Forum: Ruby text processing library

Announcement (2017-05-07): www.ruby-forum.com is now read-only since I unfortunately do not have the time to support and maintain the forum any more. Please see rubyonrails.org/community and ruby-lang.org/en/community for other Rails- und Ruby-related community platforms.
Stephen S. (Guest)
on 2007-04-17 10:41
(Received via mailing list)
Hi,

So I've been digging into Ruby for the past week, and I've come across
an
interesting problem that I want to solve with my new friend. Only I
don't
want to reinvent the wheel.

So here's the problem: I have a CSV file that I need to munge into a
batch
file for a mainframe to process.

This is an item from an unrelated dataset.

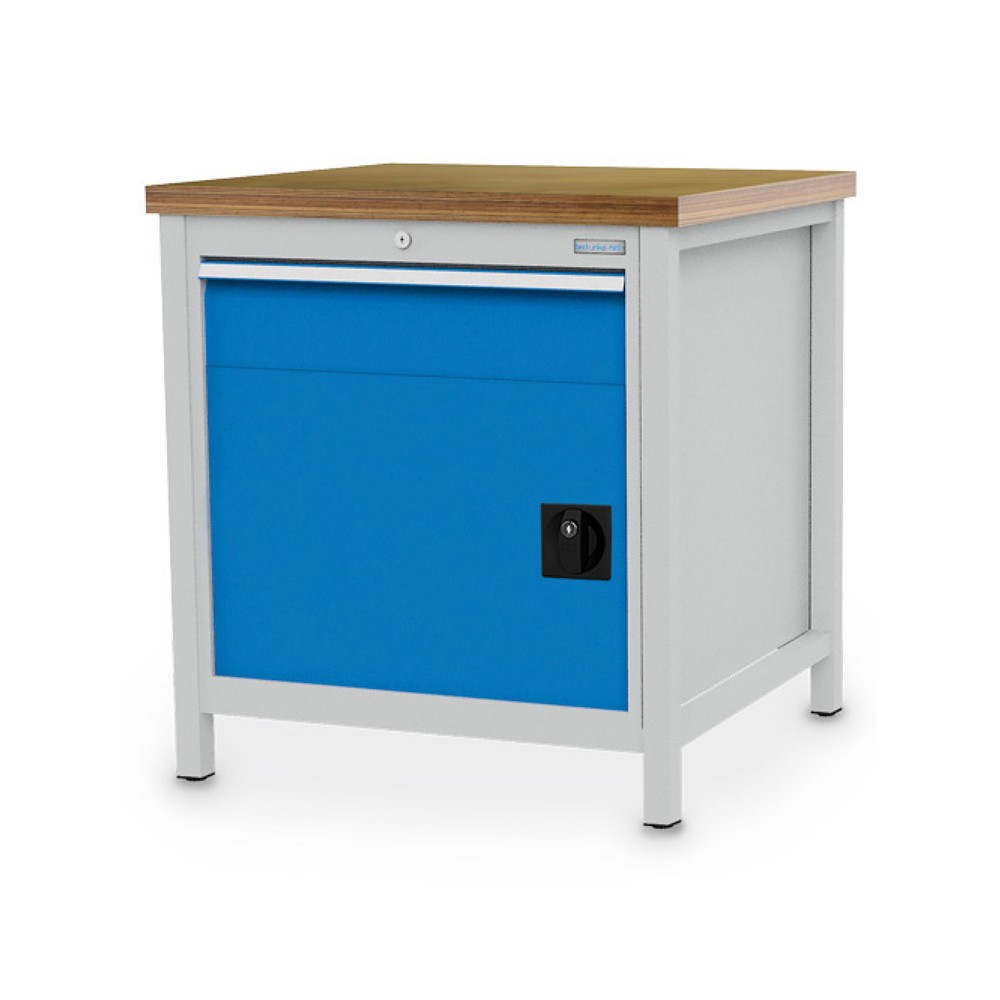 Immagine del prodotto: Banco da lavoro a comparti Bedrunka+Hirth R 24-24, AxLxP 859 x 810 x 750 mm, grigio chiaro, azzurro, 1 cassetto 1x150 mm, 1 anta a battente 1x450 mm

This file has many (say, 30 or more)
fixed
width fields per record with distinct rules attached to each field
(e.g.,
field1 is an eight-position date following the pattern YYYYMMDD, field2
is a
five-position enumerated customer type, field3 may contain either a 70
or a
71 depending on the customer type, etc). Say, ~10K records per batch
file
(plus header, subheaders, footers, and possibly addendums) and the batch
file has to get rebuilt nightly, plus a great big monthly summary file
composed of all the nightly files strung together. I want to go from csv
to
batch file automagically, and just writing a one-off for this one file
format seems like a total waste of time.

There are a bizillion of these formats out there, and I have to imagine
spooning csv files into yet another format is pretty common. I'm
wondering
if Ruby already has a batch file library, something like text-format.rb
only
more useful?

If not then I'm going to write one... but right now I'm also likely to
write
something that looks way more like C than Ruby.
Any tips, pointers, hints, and otherwise code that might exemplify the
Ruby
way to go about it would be much appreciated. Thanks in particular to
any
ruby local out there who might take a sec to point a tourist in the
right
direction.

TIA,
Steve
Peña, Botp (Guest)
on 2007-04-17 11:06
(Received via mailing list)
From: Stephen S. [mailto:removed_email_address@domain.invalid] :
# go from csv to
# batch file automagically, and just writing a one-off for this one file
# format seems like a total waste of time.
# There are a bizillion of these formats out there, and I have
# to imagine
# spooning csv files into yet another format is pretty common.
# I'm wondering
# if Ruby already has a batch file library, something like
# text-format.rb only
# more useful?

just in case you'd want to start anew, try getting some ideas fr
  1. http://www.devsource.com/article2/0,1895,1928561,00.asp
  2. http://fastercsv.rubyforge.org/

kind regards -botp
James G. (Guest)
on 2007-04-17 16:45
(Received via mailing list)
On Apr 17, 2007, at 1:40 AM, Stephen S. wrote:

> 71 depending on the customer type, etc).
I'm a little confused by your description of the file.  You call it a
CSV file and say it has fixed-width fields, but those are two
different things.

Either way though, Ruby has the tools you need.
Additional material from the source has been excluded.